UPTON Bishop WI’s April meeting was an open meeting which attracted many visitors to hear the talk by Bob Skelt on “The People of Bletchley Park”.
Bob had worked at GCHQ for many years and had experienced training at Bletchley Park. First he explained how the mansion had been owned by the Leon family, who had entertained lavishly, and extended the original building somewhat eccentrically using architectural styles that they had seen and admired on their European travels. The Leon children didn’t want the mansion on their parents’ deaths and eventually it was sold for £7,500, originally to a builder who planned to build houses on the site.
However, in 1939 a team of British government codebreakers visited, pretending to be a shooting party and decided it was the ideal base for their work outside of London.
There was very high security and it was known as Station X, it employed decoders, translators, bombe operators, analysts and reporters, the majority of staff being women. There were 100 staff in 1940 rising to 10,000 in 1944 and the number of messages at its peak was 18,000 per day.
The Enigma machine was introduced, designed by Arthur Scherbius, which had 158 trillion combinations and the combination was changed each day. A team of Polish codebreakers proved invaluable in helping Britain decode messages using duplicate machines and bombes (computer forerunners).

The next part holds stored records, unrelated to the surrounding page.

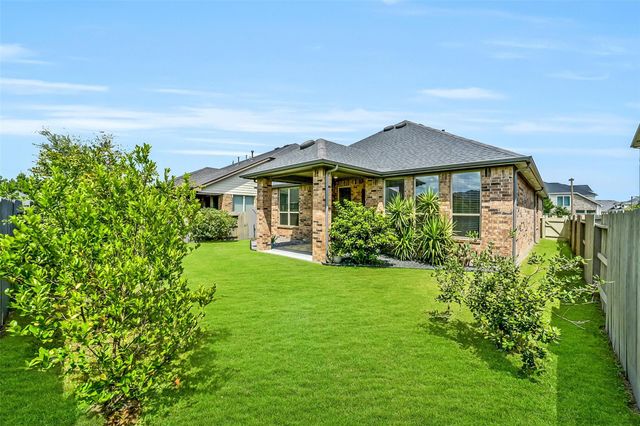 17076 Easter Lily Drive, Conroe, TX 77385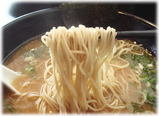 じゅうはち とんこつ麺の麺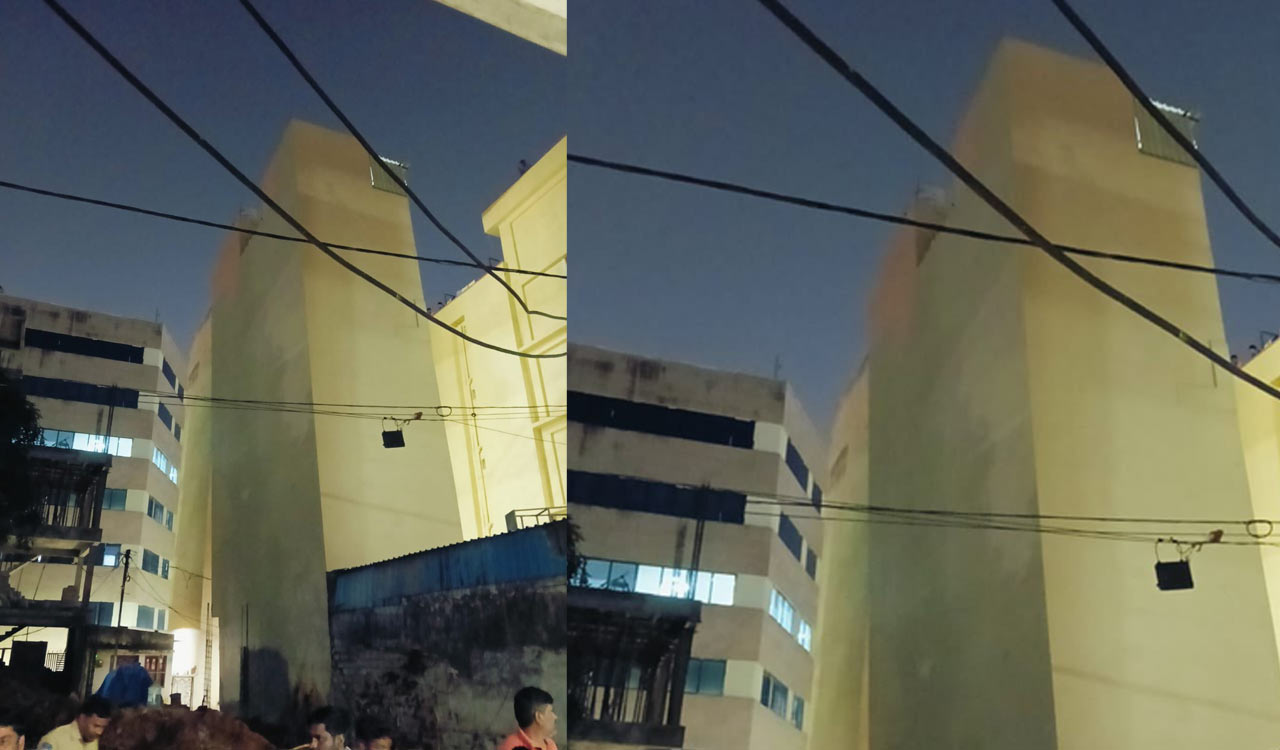 Hyderabad: Panic grips Siddiqnagar as four-storey building tilts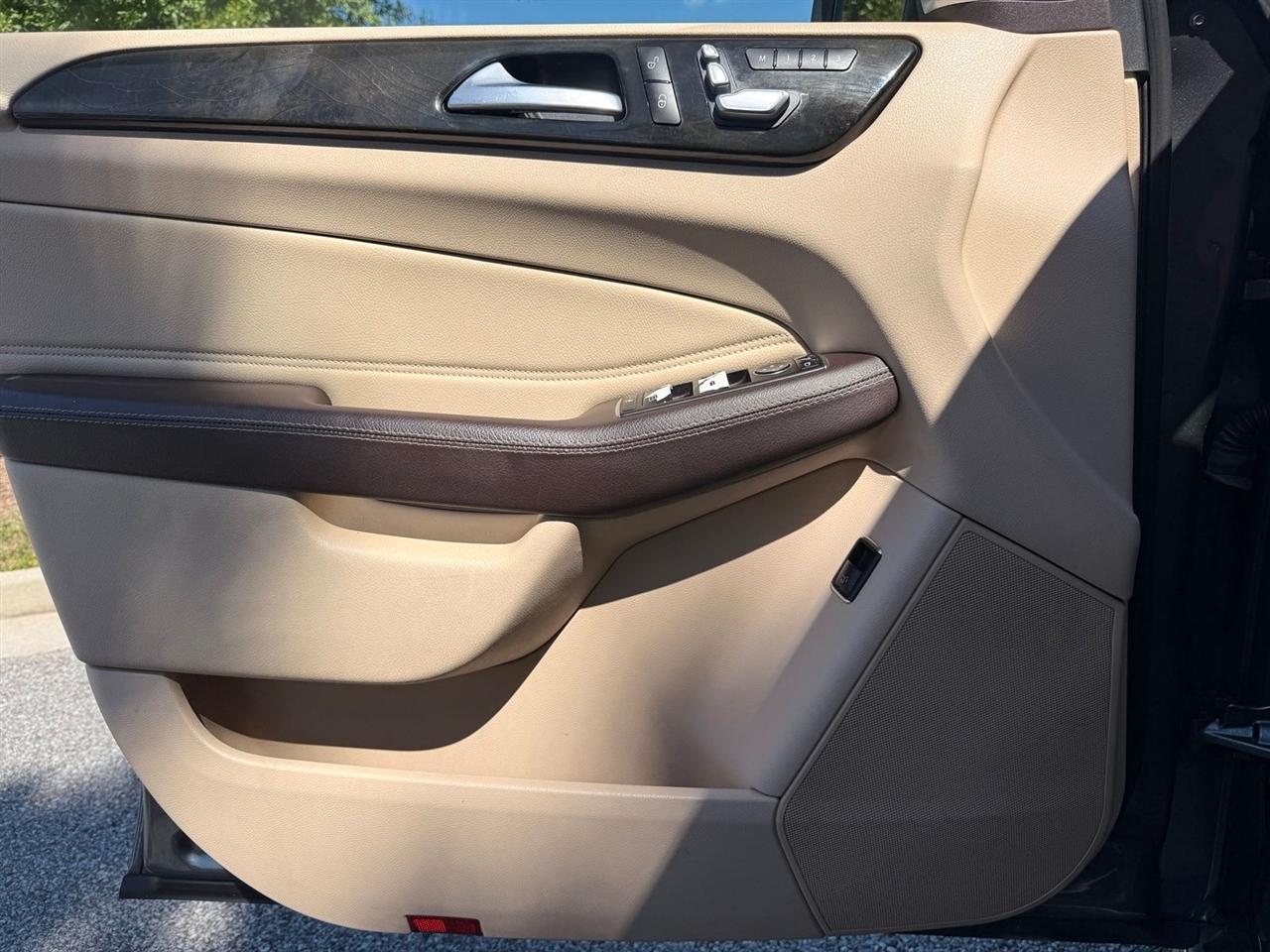 Mercedes-Benz GLE  2017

The first message was decoded in 1941, in 1943 the Lorenz Teleprint Machine was introduced which had 1.6 quadrillion possible settings and by 1944 there were 220 bombes in use. Many highly intelligent people, such as Mavis Batey and Alan Turing, were based there and became famous for their work.
The work was very intensive and top secret and working conditions were unpleasant. By 1952 work had moved to GCHQ and by 1982 everything was declassified.
The vote of thanks was given by Christine Jones and the evening closed with refreshments.
UBWI meets on the second Tuesday of each month at 7.30pm in the Millennium Hall.